GOAL OF THE EXERCISE:
Compute how many lines in the data below hold the word "change", then report that number with nothing else.

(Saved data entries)
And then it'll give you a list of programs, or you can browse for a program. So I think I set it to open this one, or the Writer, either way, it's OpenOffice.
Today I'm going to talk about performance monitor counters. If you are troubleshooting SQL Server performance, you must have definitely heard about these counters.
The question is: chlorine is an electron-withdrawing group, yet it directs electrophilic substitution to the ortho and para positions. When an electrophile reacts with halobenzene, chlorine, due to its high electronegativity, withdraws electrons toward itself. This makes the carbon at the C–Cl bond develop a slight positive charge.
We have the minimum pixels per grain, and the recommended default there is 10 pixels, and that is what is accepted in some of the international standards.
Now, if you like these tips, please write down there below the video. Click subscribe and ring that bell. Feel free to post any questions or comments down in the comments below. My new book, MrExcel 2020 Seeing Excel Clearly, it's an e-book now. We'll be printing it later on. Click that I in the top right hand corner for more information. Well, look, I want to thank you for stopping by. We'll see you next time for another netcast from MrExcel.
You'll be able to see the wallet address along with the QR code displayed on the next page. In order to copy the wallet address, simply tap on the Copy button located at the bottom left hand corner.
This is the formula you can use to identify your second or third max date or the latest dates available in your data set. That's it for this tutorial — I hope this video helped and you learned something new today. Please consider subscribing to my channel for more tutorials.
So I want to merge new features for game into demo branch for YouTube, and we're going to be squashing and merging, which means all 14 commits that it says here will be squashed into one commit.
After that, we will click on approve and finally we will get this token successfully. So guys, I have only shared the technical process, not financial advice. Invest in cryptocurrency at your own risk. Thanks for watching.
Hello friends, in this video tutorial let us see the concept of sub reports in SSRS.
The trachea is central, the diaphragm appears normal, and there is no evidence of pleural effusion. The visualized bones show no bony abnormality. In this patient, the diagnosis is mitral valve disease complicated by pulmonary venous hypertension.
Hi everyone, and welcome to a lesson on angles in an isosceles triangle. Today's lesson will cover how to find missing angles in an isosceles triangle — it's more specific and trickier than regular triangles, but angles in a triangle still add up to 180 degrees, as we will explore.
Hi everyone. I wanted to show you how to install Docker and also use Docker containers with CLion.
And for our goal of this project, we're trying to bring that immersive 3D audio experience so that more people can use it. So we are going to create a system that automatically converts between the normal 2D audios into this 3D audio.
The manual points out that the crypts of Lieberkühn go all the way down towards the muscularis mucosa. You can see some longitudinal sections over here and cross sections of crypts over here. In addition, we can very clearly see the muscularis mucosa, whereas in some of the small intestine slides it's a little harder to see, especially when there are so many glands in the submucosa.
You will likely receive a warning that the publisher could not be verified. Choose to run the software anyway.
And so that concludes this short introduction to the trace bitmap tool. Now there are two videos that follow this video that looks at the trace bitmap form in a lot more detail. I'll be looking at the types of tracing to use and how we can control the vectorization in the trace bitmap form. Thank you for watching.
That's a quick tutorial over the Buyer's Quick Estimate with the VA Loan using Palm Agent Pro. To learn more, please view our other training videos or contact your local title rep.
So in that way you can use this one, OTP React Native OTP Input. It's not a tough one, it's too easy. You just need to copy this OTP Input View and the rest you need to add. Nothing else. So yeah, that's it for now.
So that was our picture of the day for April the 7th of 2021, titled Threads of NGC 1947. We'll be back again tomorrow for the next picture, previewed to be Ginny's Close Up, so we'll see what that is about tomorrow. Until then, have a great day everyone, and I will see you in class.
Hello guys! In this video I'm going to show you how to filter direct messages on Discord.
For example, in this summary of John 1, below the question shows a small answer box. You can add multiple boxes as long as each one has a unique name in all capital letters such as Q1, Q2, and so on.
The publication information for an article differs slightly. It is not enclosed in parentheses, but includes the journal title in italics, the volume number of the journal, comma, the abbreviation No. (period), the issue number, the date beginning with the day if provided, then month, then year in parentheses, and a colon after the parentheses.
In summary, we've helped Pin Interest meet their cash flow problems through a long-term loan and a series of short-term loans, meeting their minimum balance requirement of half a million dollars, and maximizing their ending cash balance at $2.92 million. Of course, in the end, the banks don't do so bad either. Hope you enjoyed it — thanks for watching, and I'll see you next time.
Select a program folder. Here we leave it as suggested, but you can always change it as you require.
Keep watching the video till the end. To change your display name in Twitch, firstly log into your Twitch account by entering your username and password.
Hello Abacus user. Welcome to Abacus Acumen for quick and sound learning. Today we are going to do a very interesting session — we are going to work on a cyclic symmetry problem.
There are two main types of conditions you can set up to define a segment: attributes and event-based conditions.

TASK SOLUTION:
2